R. Mattes
2005-Aug-09 15:51 UTC
[Xapian-discuss] Xapian::Queryparser / Encoding Problem (Utf8)
Well, the subject line says it all - what's the status of the UTF-8 support in the query parser? I recall some messages in the list recently but haven't heard of any updates. This starts to be a major showstopper for our project (all data is in UTF-8 and I'd hate to have to rewrite the indexer to recode the data). I guess I could have a look at the lemon source but it has been a while since I last wrote lemon grammars (and never for c++). TIA Ralf Mattes
Richard Boulton
2005-Aug-10 15:29 UTC
[Xapian-discuss] Xapian::Queryparser / Encoding Problem (Utf8)

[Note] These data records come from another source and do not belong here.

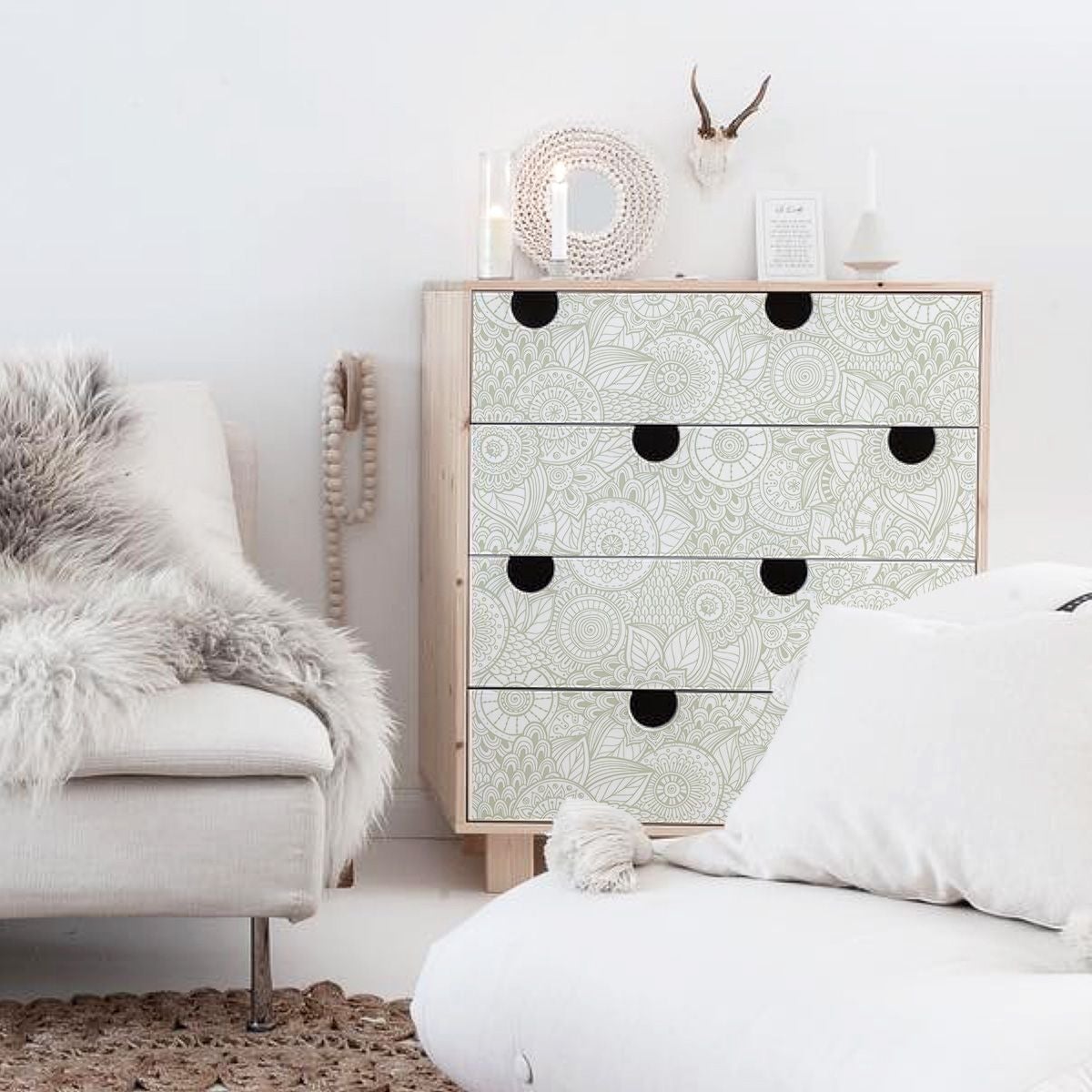 Papel vinilo adhesivo pared boho chic verde lavable y removible - 1 rollo 50x300 cm - decochic
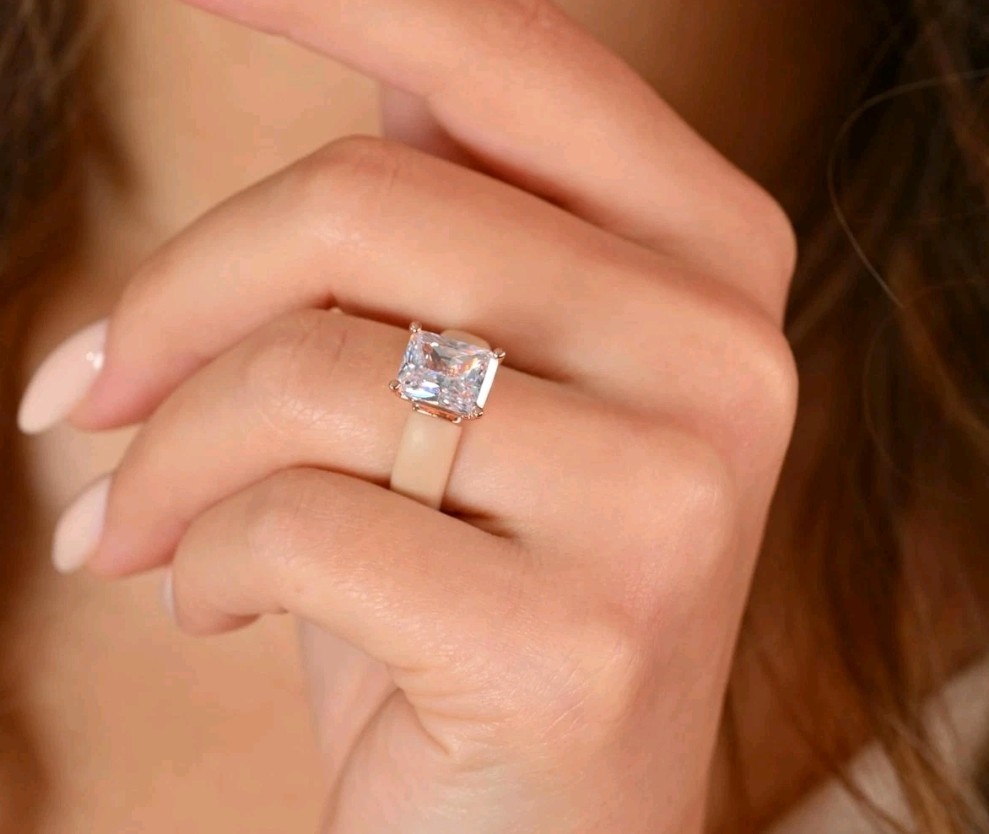 CZ Silicone Ring Size 8 Beige Square Princess Cut Simulated Diamond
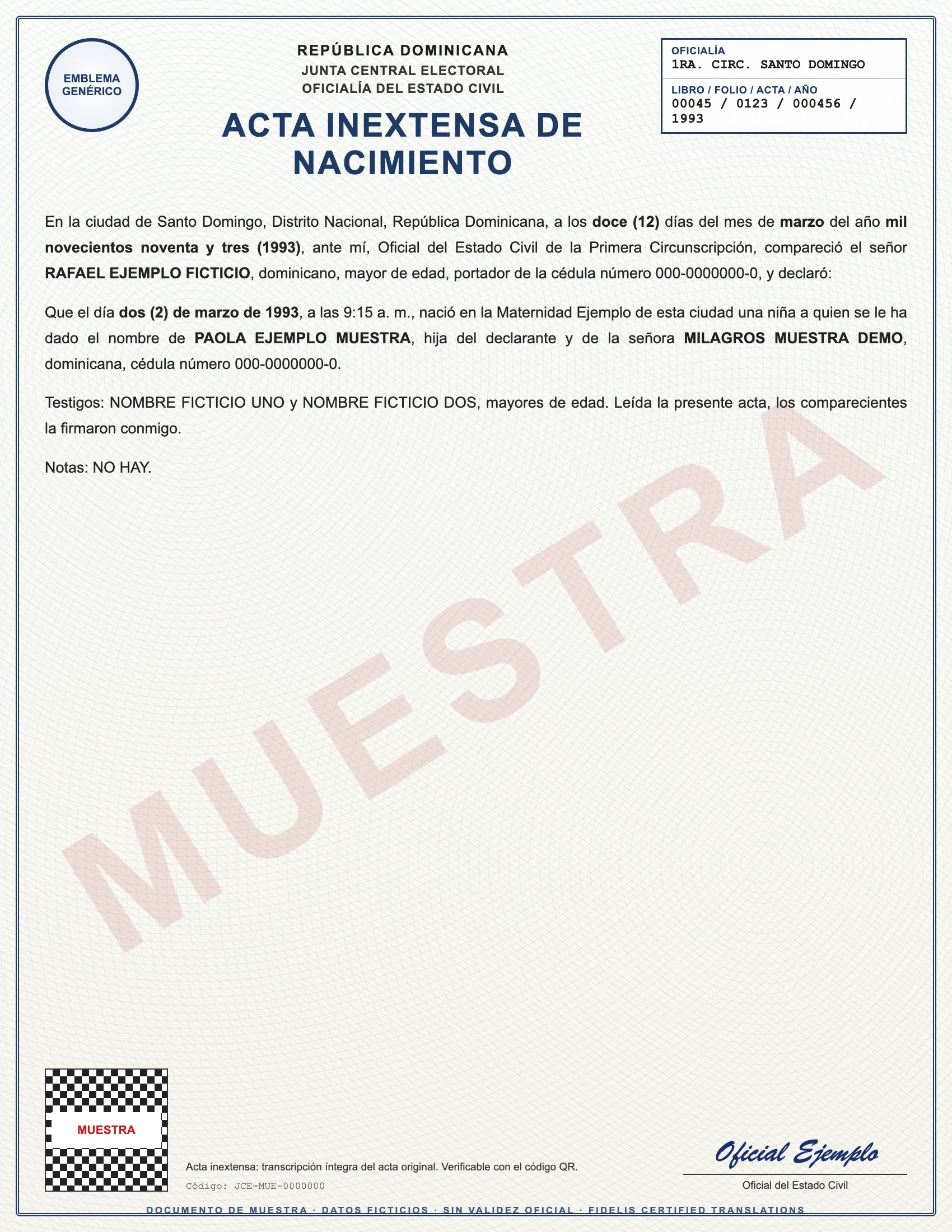 Sample with fictitious data: acta inextensa de nacimiento de República Dominicana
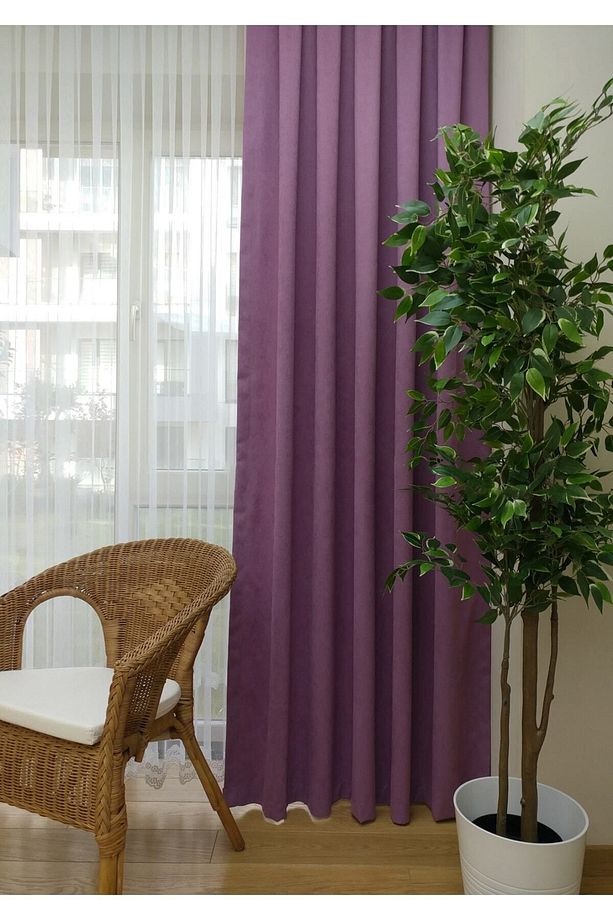 Taç Petek Dokulu Eflatun Düz Renk 1/2,5 Normal Pileli Soft Fon Perde, Tek Kanat - 7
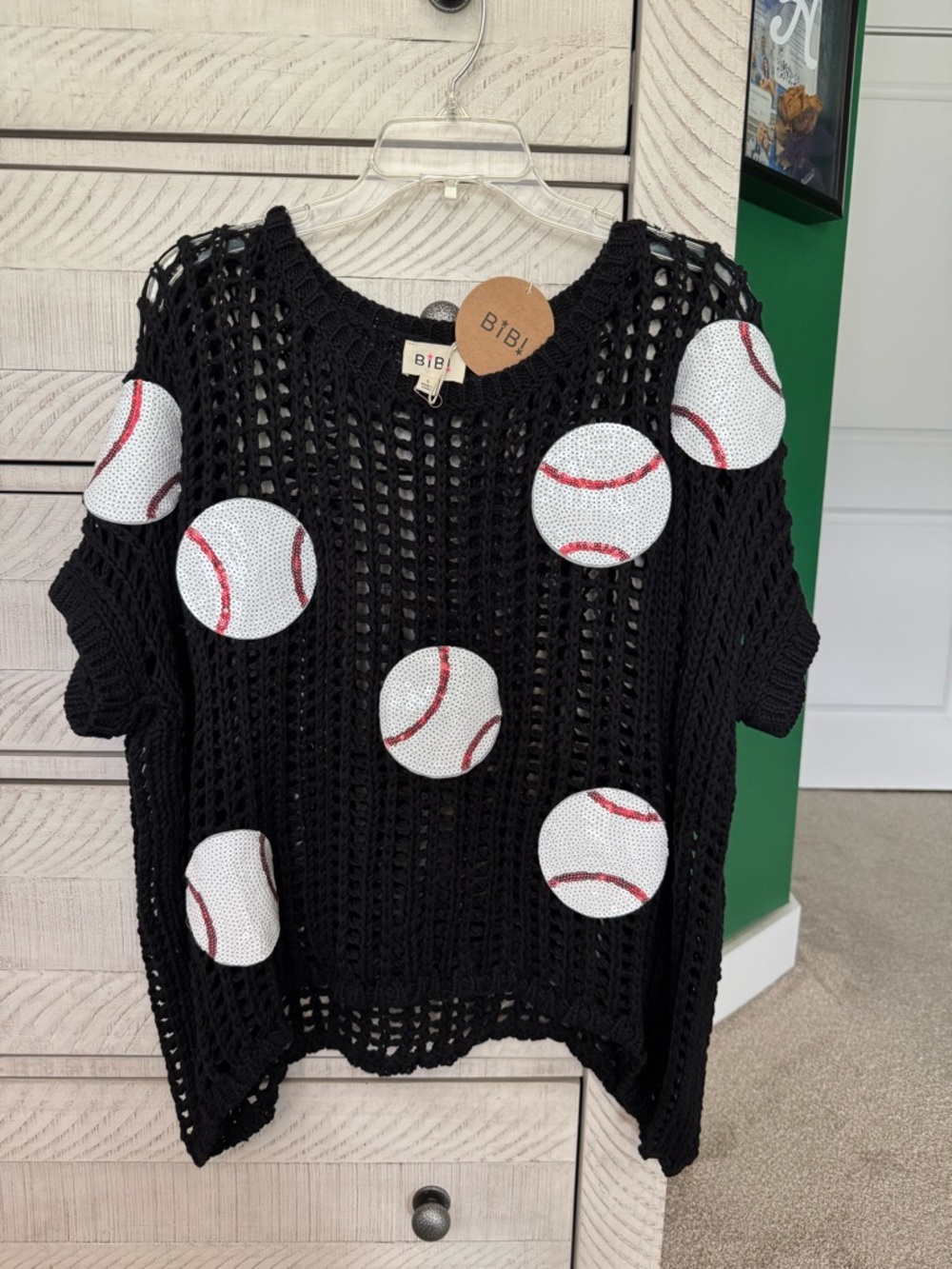 BiBi Black Crochet Sweater with Baseball Motifs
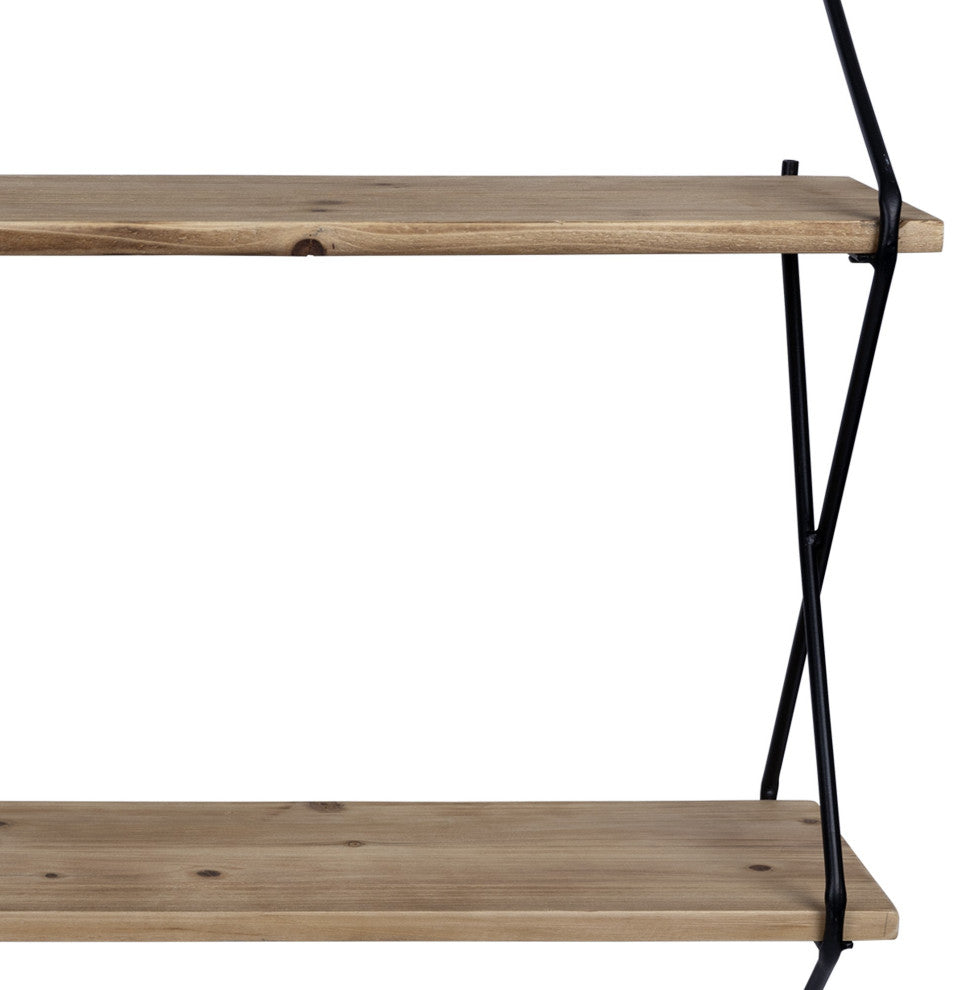 Two Tier Metal and Wood Wall Shelf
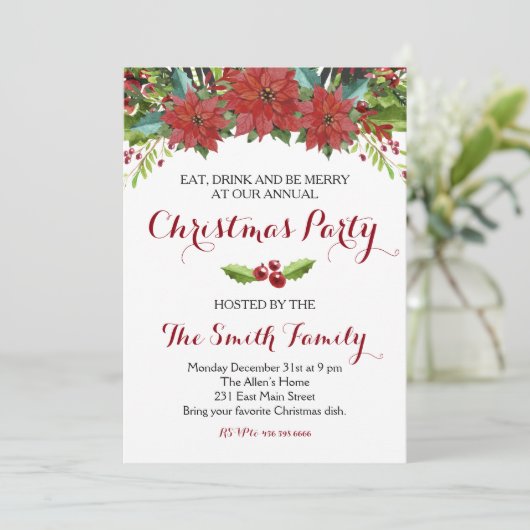 水彩画の花のクリスマスのパーティの招待状 招待状 (スタンド正面)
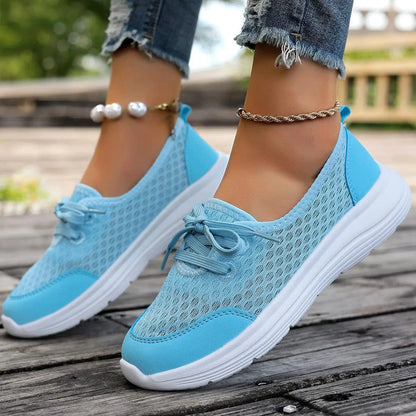 Breathable Mesh Sneakers Blue - Fashorio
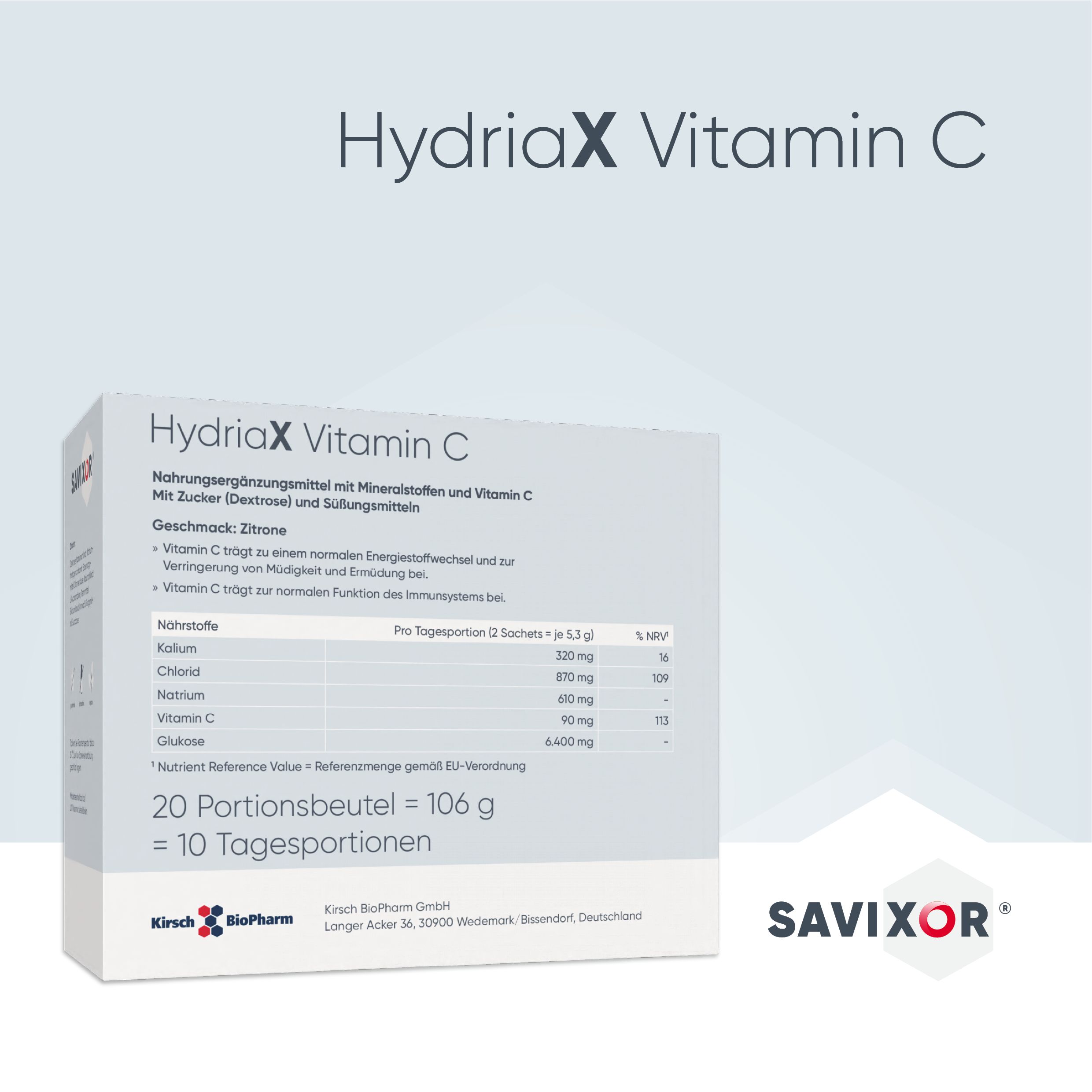 Packung Savixor HydriaX Vitamin C. Enthält 20 Portionsbeutel. Aufschrift: HydriaX Vitamin C, Kirsch BioPharm, Nährwerttabelle.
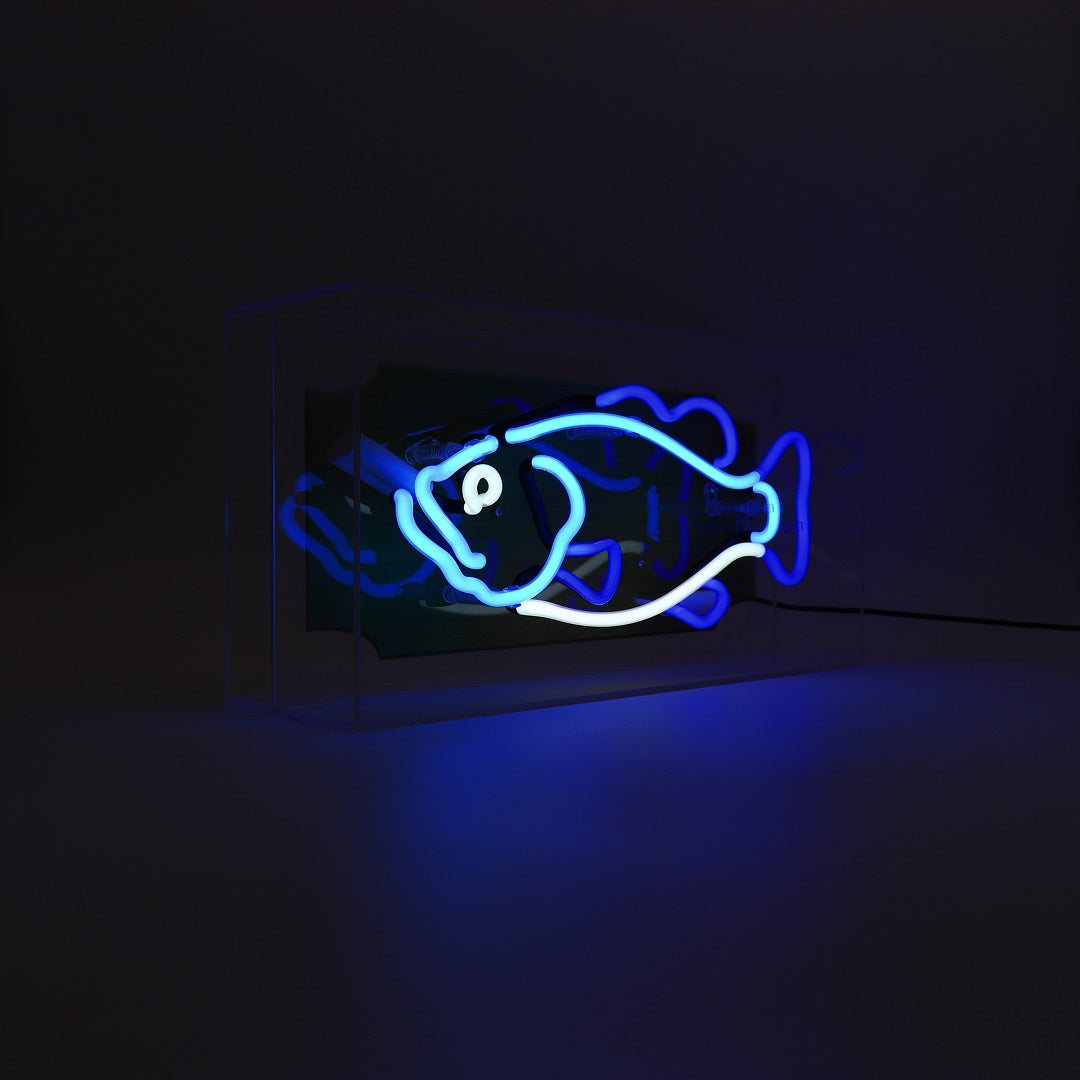 'Trophy Fish' Glass Neon Box Sign - Blue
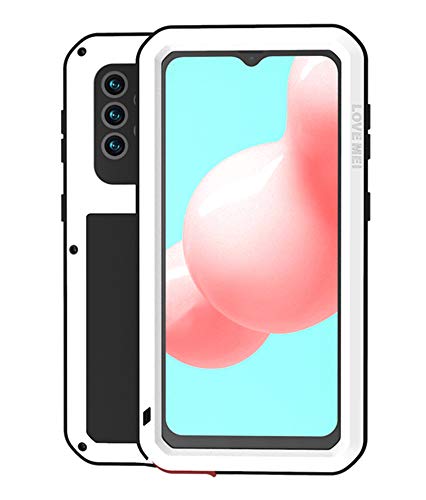 LOVE MEI für Samsung Galaxy A32 Hülle, Outdoor Heavy Duty Stoßfest Staubdicht Hybrid Aluminium Metall Militär Bumper Schutzhülle Hülle mit gehärtetem Glas für Samsung Galaxy A32 5G 6,5 Zoll (Weiß) von LOVE MEI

On Tue, 2005-08-09 at 15:21 +0200, R. Mattes wrote:> Well, the subject line says it all - what's the status > of the UTF-8 support in the query parser? I recall some > messages in the list recently but haven't heard of any > updates. This starts to be a major showstopper for our > project (all data is in UTF-8 and I'd hate to have to > rewrite the indexer to recode the data). > I guess I could have a look at the lemon source but it > has been a while since I last wrote lemon grammars (and > never for c++).I believe that there haven't been any updates since the last flurry of messages on the list. (But feel free to check the commit logs for the relevant module.) Part of the problem has been that the stemming algorithms used not to support UTF-8 - however, the upstream algorithms (at http://snowball.tartarus.org/) now support this quite happily. However, other changes to the output of the stemmers have also occurred since the algorithms were imported into the Xapian source tree, so updating the algorithms has been waiting for a major release (since changing the stemming algorithms will force all databases to be rebuilt with the new algorithms). That said, don't let that stop you taking a look at the work, and changing them locally (and submitting a patch...) The query parser itself shouldn't need too much work - you'll probably need to look at the accent normalising code (see accentnormalisingitor.h and symboltab.h). Oh, and note that the very latest english stemming algorithm from snowball makes use of apostophe characters if it's presented with them, so it would be good to stop stripping them out of the input to the stemmer, if the language is english. -- Richard Boulton <richard@tartarus.org>